Multi-Composed Programming with Applications to Facility Location
Author: Oleg Wilfer
Publisher: Springer Nature
Published: 2020-05-27
Total Pages: 192
ISBN-13: 3658305800
DOWNLOAD EBOOKOleg Wilfer presents a new conjugate duality concept for geometric and cone constrained optimization problems whose objective functions are a composition of finitely many functions. As an application, the author derives results for single minmax location problems formulated by means of extended perturbed minimal time functions as well as for multi-facility minmax location problems defined by gauges. In addition, he provides formulae of projections onto the epigraphs of gauges to solve these kinds of location problems numerically by using parallel splitting algorithms. Numerical comparisons of recent methods show the excellent performance of the proposed solving technique. About the Author: Dr. Oleg Wilfer received his PhD at the Faculty of Mathematics of Chemnitz University of Technology, Germany. He is currently working as a development engineer in the automotive industry.

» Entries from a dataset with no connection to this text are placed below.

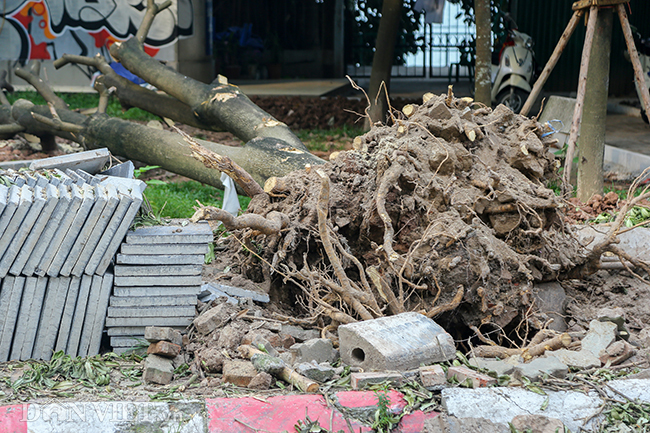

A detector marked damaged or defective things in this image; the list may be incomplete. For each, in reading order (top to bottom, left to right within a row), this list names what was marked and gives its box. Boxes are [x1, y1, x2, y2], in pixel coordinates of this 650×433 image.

broken concrete block [28, 148, 110, 173]
broken concrete block [0, 184, 46, 276]
broken concrete block [7, 184, 58, 276]
broken concrete block [123, 221, 211, 245]
broken concrete block [66, 276, 93, 356]
broken concrete block [192, 300, 238, 334]
broken concrete block [143, 326, 181, 346]
broken concrete block [146, 340, 178, 358]
broken concrete block [290, 338, 336, 364]
broken concrete block [336, 312, 454, 370]
broken concrete block [142, 352, 172, 384]
broken concrete block [220, 360, 256, 386]
broken concrete block [294, 362, 334, 382]
broken concrete block [350, 370, 400, 390]
broken concrete block [418, 362, 448, 386]
broken concrete block [446, 364, 496, 388]
broken concrete block [512, 356, 568, 380]
broken concrete block [508, 412, 564, 432]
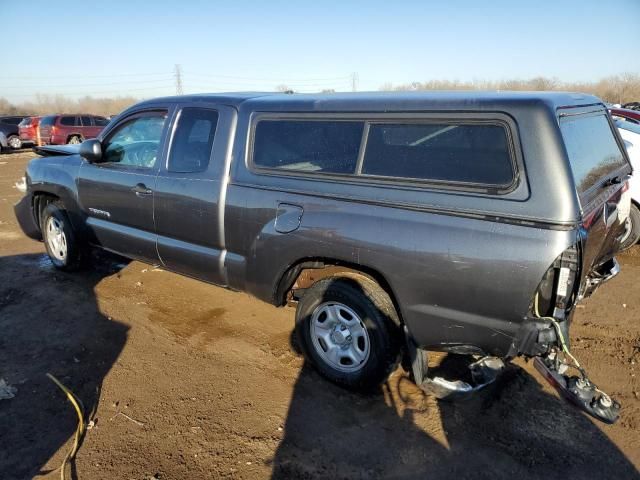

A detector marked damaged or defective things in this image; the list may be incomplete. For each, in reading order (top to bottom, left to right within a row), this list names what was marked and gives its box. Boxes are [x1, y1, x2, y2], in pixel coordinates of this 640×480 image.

crumpled rear bumper [13, 193, 41, 240]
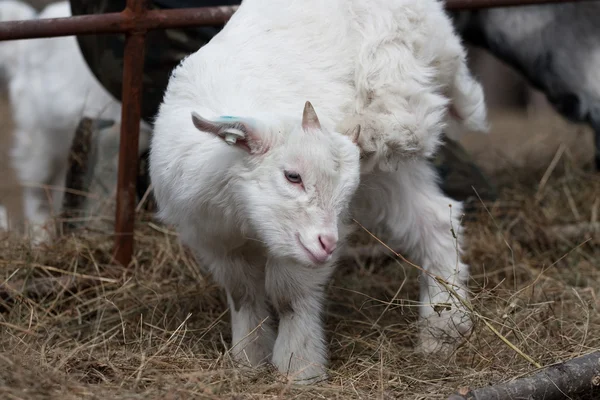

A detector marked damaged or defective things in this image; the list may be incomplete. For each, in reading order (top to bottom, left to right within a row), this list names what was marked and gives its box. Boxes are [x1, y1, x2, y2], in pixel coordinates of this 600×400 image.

rusty metal fence [0, 0, 592, 268]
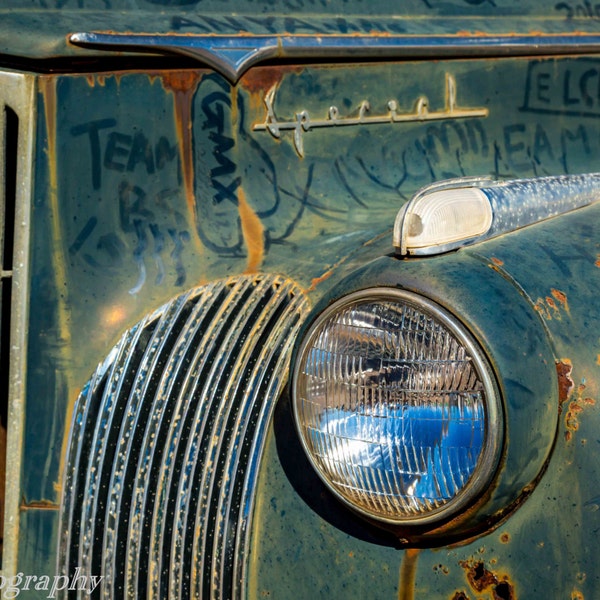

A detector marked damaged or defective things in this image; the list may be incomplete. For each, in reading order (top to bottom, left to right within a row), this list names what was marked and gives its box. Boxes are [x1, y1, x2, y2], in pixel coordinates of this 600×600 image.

rust spot [162, 71, 202, 230]
rust spot [239, 188, 264, 274]
rust spot [556, 358, 576, 410]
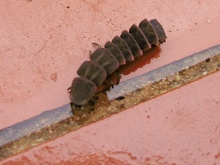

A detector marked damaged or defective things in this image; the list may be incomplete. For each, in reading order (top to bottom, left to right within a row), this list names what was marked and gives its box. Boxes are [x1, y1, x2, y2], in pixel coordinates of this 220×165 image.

rusty metal edge [0, 44, 220, 160]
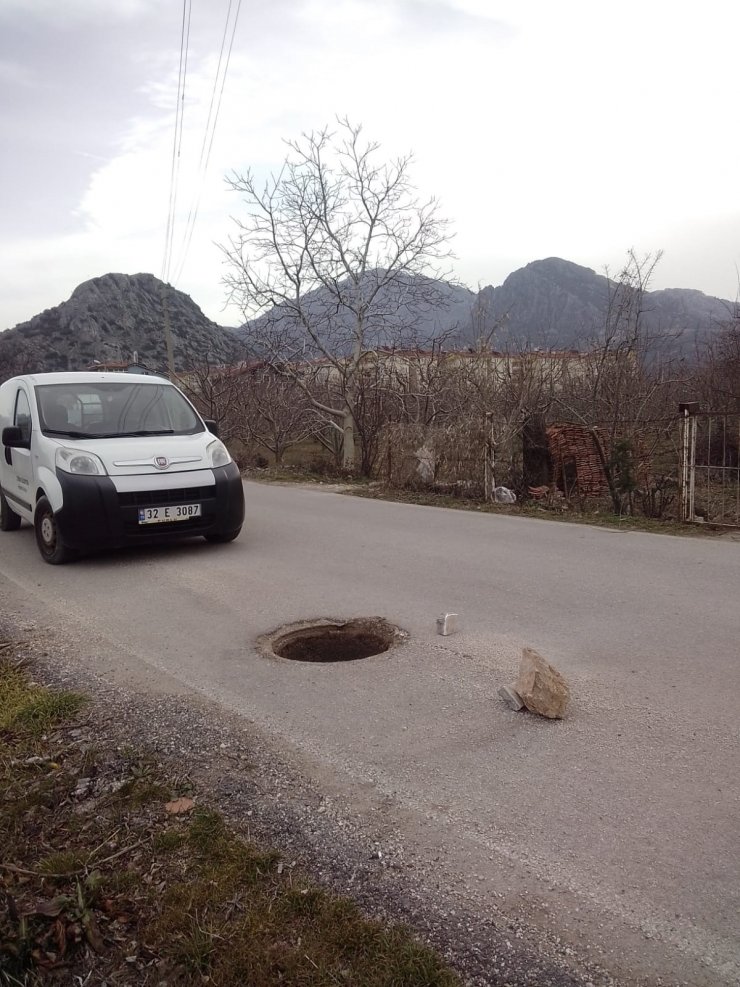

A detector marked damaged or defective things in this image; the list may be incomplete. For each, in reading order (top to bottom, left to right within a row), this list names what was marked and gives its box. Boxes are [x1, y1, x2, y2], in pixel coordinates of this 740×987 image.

rusted metal fence [684, 412, 740, 528]
missing manhole cover [258, 616, 408, 664]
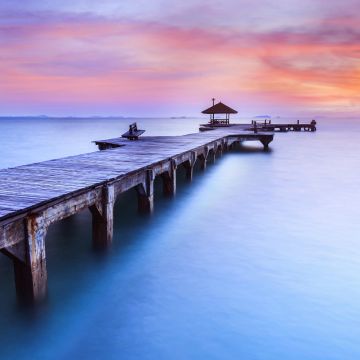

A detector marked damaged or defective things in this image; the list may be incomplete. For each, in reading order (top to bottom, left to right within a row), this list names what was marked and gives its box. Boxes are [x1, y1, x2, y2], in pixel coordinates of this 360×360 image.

rusted metal support [89, 184, 114, 249]
rusted metal support [136, 169, 153, 214]
rusted metal support [12, 215, 48, 306]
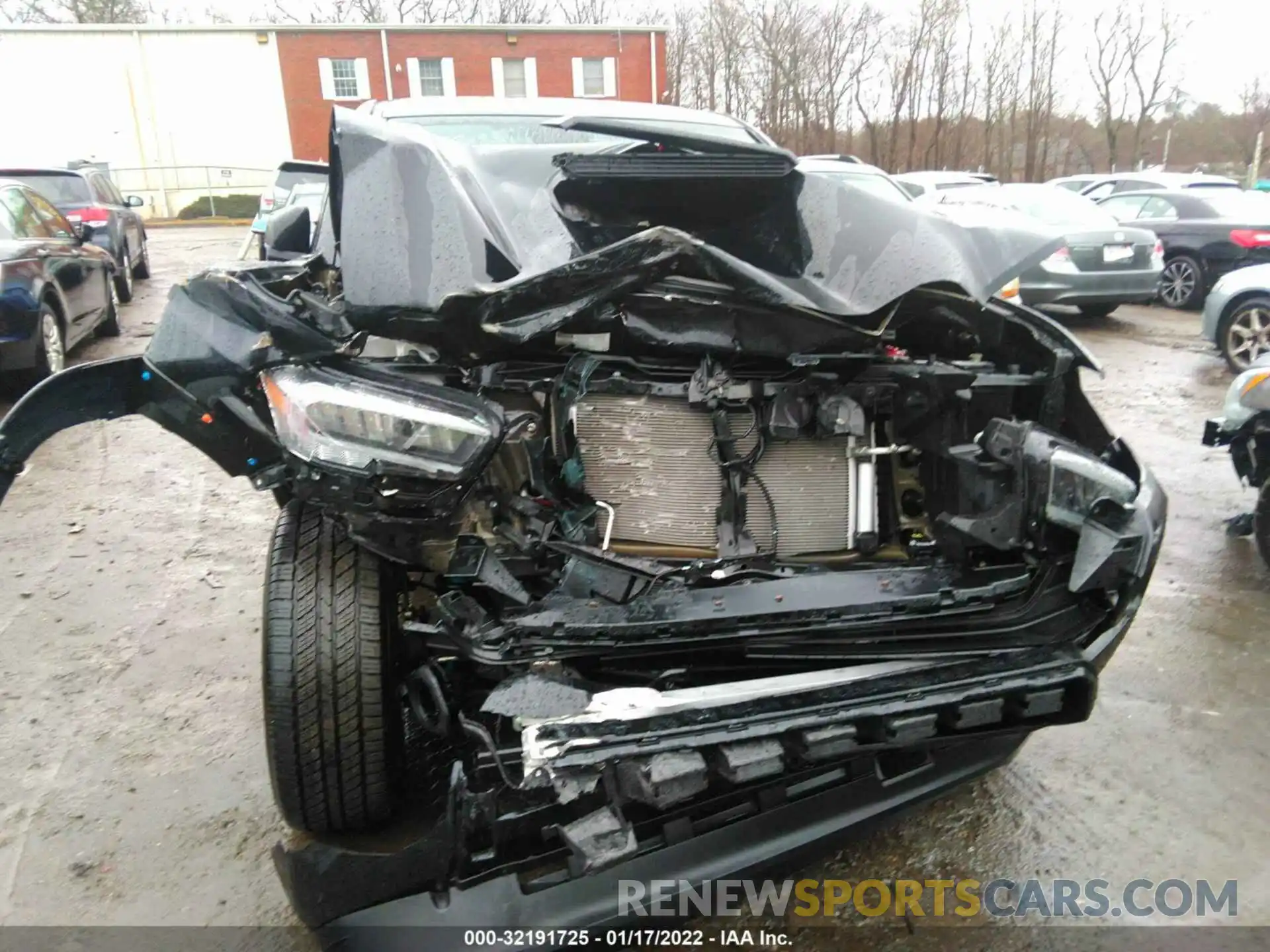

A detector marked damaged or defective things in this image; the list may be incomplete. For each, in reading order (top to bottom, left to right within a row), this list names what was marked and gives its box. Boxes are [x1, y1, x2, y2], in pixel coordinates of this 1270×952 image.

severely damaged hood [325, 108, 1064, 341]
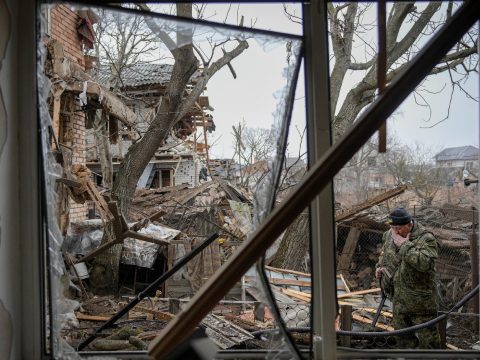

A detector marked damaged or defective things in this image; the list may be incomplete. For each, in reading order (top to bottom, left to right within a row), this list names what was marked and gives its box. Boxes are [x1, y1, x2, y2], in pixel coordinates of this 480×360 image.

shattered glass pane [37, 2, 304, 358]
shattered window of house [38, 1, 308, 358]
broken wooden plank [338, 228, 360, 270]
shattered window of house [332, 0, 478, 352]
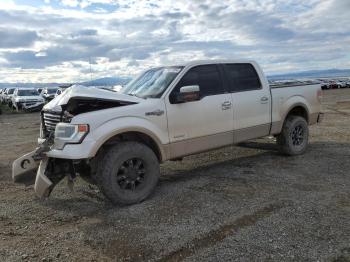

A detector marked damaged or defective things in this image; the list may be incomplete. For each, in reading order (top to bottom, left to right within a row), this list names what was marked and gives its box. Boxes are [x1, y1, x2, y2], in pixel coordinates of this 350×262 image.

crumpled hood [43, 85, 143, 111]
broken headlight [53, 122, 89, 148]
damaged front end [12, 85, 141, 198]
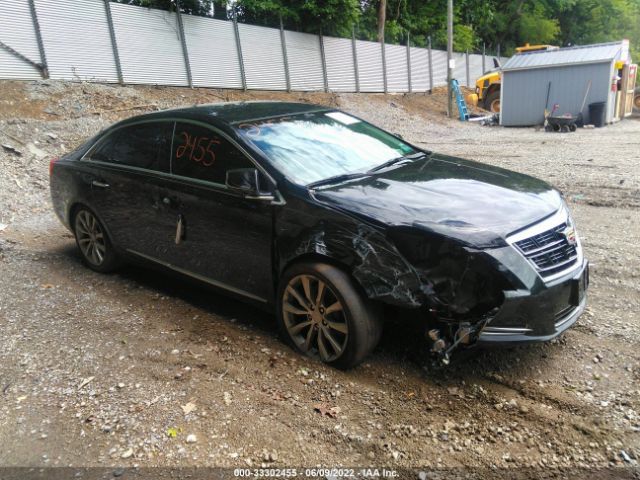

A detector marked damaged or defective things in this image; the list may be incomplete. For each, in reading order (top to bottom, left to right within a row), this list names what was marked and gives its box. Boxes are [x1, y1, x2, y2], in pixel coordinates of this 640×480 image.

cracked bumper [478, 258, 588, 344]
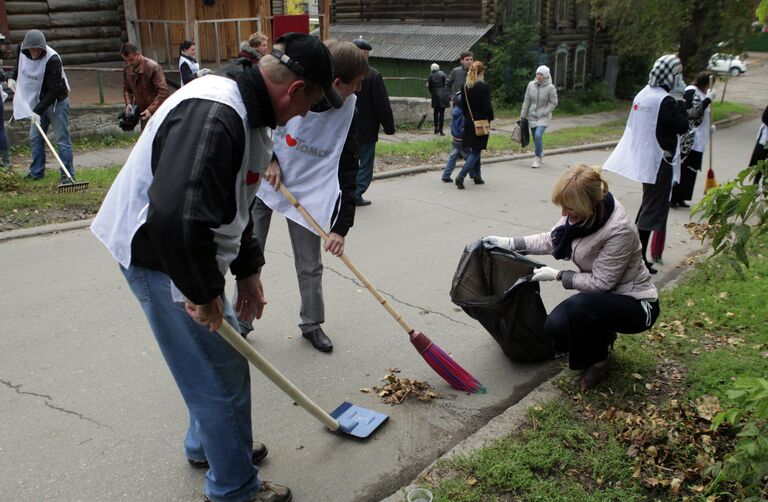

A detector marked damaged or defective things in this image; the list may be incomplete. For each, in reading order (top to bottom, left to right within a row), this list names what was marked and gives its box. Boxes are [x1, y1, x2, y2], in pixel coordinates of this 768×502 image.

crack in asphalt [320, 262, 476, 330]
crack in asphalt [1, 378, 112, 430]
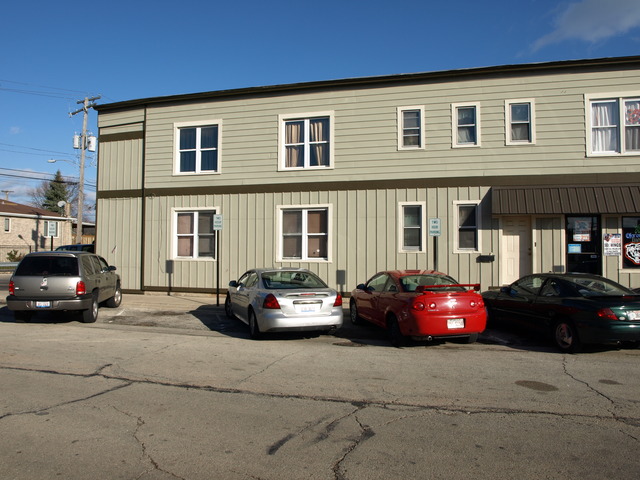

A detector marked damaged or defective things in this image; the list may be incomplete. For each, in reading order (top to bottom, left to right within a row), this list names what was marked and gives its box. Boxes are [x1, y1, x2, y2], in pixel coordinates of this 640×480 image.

cracked pavement [0, 316, 636, 480]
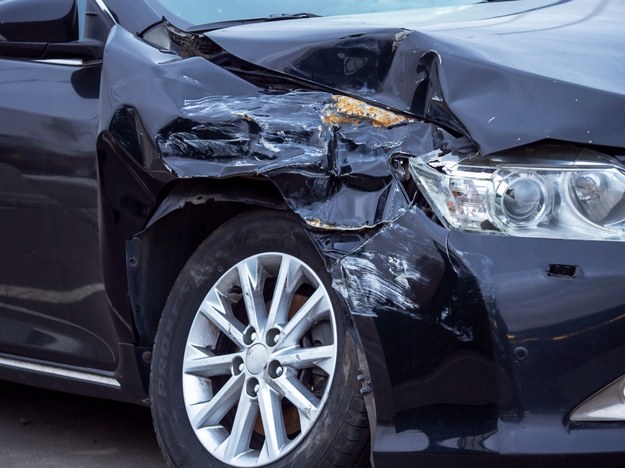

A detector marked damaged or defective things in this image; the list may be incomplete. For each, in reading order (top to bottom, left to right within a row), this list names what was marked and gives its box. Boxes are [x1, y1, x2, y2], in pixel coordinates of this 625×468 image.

crumpled hood [207, 0, 624, 154]
crumpled sheet metal [156, 90, 448, 229]
broken headlight [408, 151, 624, 241]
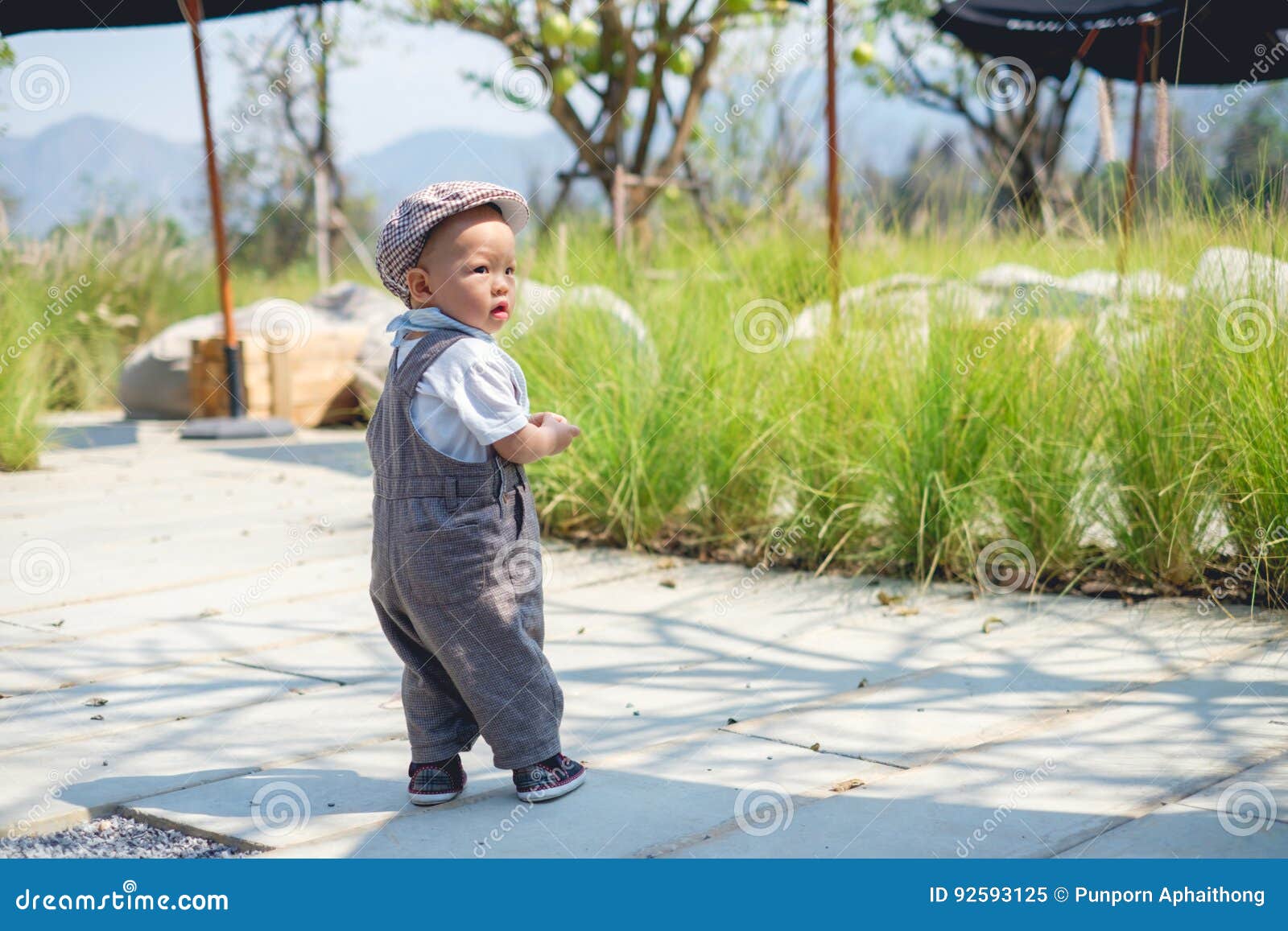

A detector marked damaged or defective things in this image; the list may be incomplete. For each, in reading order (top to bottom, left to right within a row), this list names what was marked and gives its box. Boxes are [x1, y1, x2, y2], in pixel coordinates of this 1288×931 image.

rusty metal pole [181, 0, 246, 419]
rusty metal pole [824, 0, 844, 332]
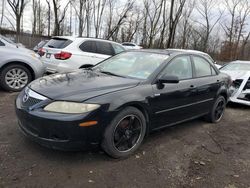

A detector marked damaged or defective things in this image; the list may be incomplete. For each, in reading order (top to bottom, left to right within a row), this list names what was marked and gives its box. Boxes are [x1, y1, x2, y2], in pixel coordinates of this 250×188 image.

crumpled hood [29, 70, 141, 101]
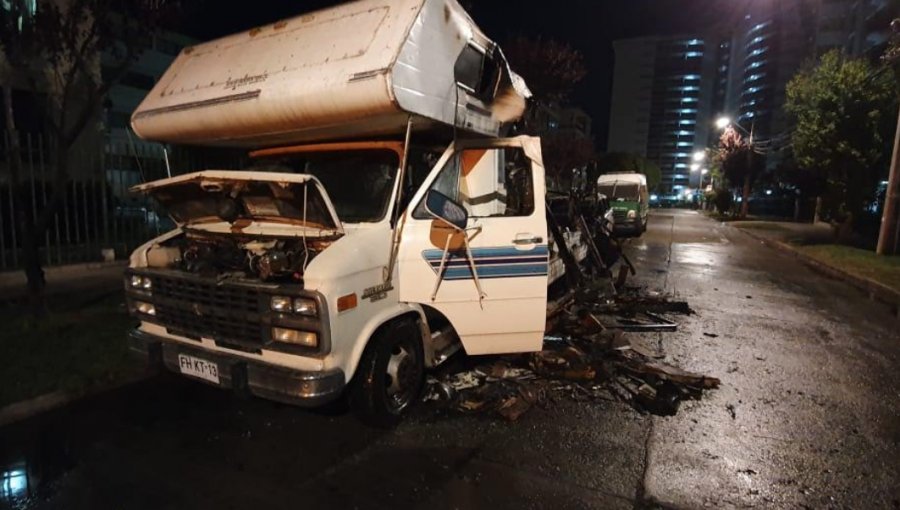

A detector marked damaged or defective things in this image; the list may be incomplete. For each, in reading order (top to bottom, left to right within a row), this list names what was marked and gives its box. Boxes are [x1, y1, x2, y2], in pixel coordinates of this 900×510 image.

damaged white motorhome [121, 0, 596, 424]
fire damage [422, 179, 724, 422]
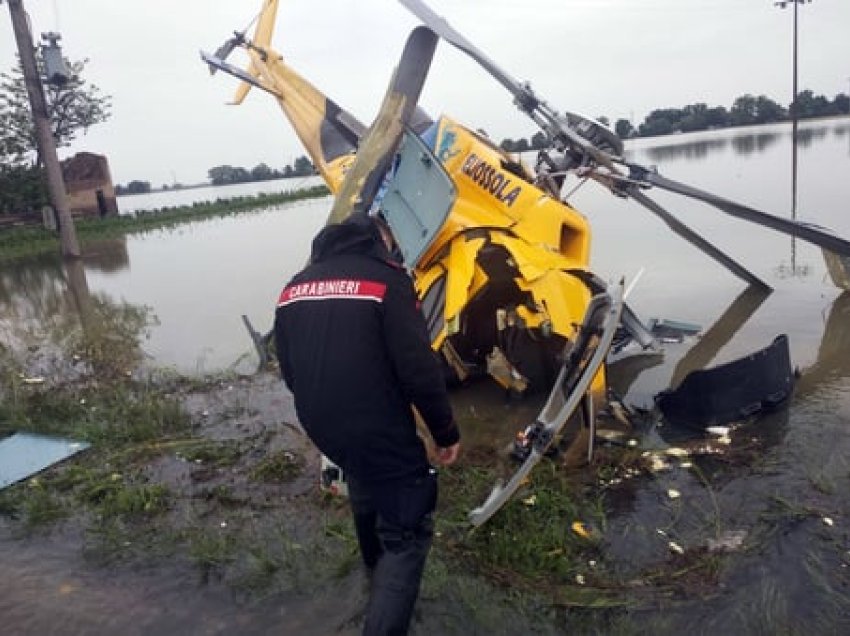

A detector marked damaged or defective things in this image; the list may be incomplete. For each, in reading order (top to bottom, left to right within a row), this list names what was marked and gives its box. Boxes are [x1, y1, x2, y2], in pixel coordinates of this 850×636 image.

crashed yellow helicopter [204, 0, 848, 528]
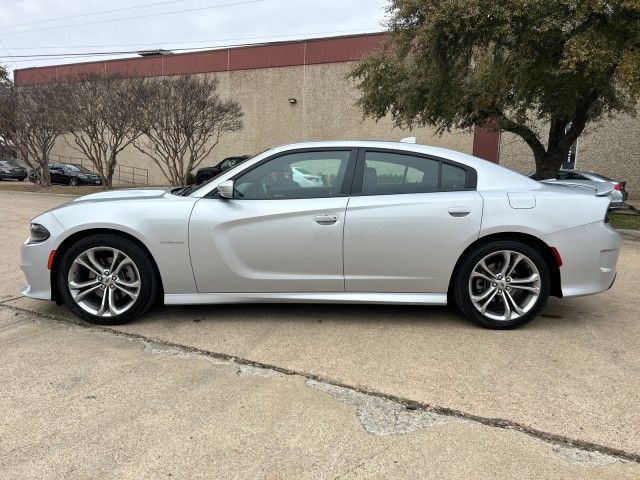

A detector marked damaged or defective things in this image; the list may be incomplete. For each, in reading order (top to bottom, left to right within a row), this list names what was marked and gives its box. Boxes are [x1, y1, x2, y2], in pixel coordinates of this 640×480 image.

crack in pavement [2, 304, 636, 464]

Convex Analysis and Optimization
Author: Dimitri Bertsekas
Publisher: Athena Scientific
Published: 2003-03-01
Total Pages: 560
ISBN-13: 1886529450
DOWNLOAD EBOOKA uniquely pedagogical, insightful, and rigorous treatment of the analytical/geometrical foundations of optimization. The book provides a comprehensive development of convexity theory, and its rich applications in optimization, including duality, minimax/saddle point theory, Lagrange multipliers, and Lagrangian relaxation/nondifferentiable optimization. It is an excellent supplement to several of our books: Convex Optimization Theory (Athena Scientific, 2009), Convex Optimization Algorithms (Athena Scientific, 2015), Nonlinear Programming (Athena Scientific, 2016), Network Optimization (Athena Scientific, 1998), and Introduction to Linear Optimization (Athena Scientific, 1997). Aside from a thorough account of convex analysis and optimization, the book aims to restructure the theory of the subject, by introducing several novel unifying lines of analysis, including: 1) A unified development of minimax theory and constrained optimization duality as special cases of duality between two simple geometrical problems. 2) A unified development of conditions for existence of solutions of convex optimization problems, conditions for the minimax equality to hold, and conditions for the absence of a duality gap in constrained optimization. 3) A unification of the major constraint qualifications allowing the use of Lagrange multipliers for nonconvex constrained optimization, using the notion of constraint pseudonormality and an enhanced form of the Fritz John necessary optimality conditions. Among its features the book: a) Develops rigorously and comprehensively the theory of convex sets and functions, in the classical tradition of Fenchel and Rockafellar b) Provides a geometric, highly visual treatment of convex and nonconvex optimization problems, including existence of solutions, optimality conditions, Lagrange multipliers, and duality c) Includes an insightful and comprehensive presentation of minimax theory and zero sum games, and its connection with duality d) Describes dual optimization, the associated computational methods, including the novel incremental subgradient methods, and applications in linear, quadratic, and integer programming e) Contains many examples, illustrations, and exercises with complete solutions (about 200 pages) posted at the publisher's web site http://www.athenasc.com/convexity.html
Vector Optimization and Monotone Operators via Convex Duality
Author: Sorin-Mihai Grad
Publisher: Springer
Published: 2014-09-03
Total Pages: 282
ISBN-13: 3319089005
DOWNLOAD EBOOKThis book investigates several duality approaches for vector optimization problems, while also comparing them. Special attention is paid to duality for linear vector optimization problems, for which a vector dual that avoids the shortcomings of the classical ones is proposed. Moreover, the book addresses different efficiency concepts for vector optimization problems. Among the problems that appear when the framework is generalized by considering set-valued functions, an increasing interest is generated by those involving monotone operators, especially now that new methods for approaching them by means of convex analysis have been developed. Following this path, the book provides several results on different properties of sums of monotone operators.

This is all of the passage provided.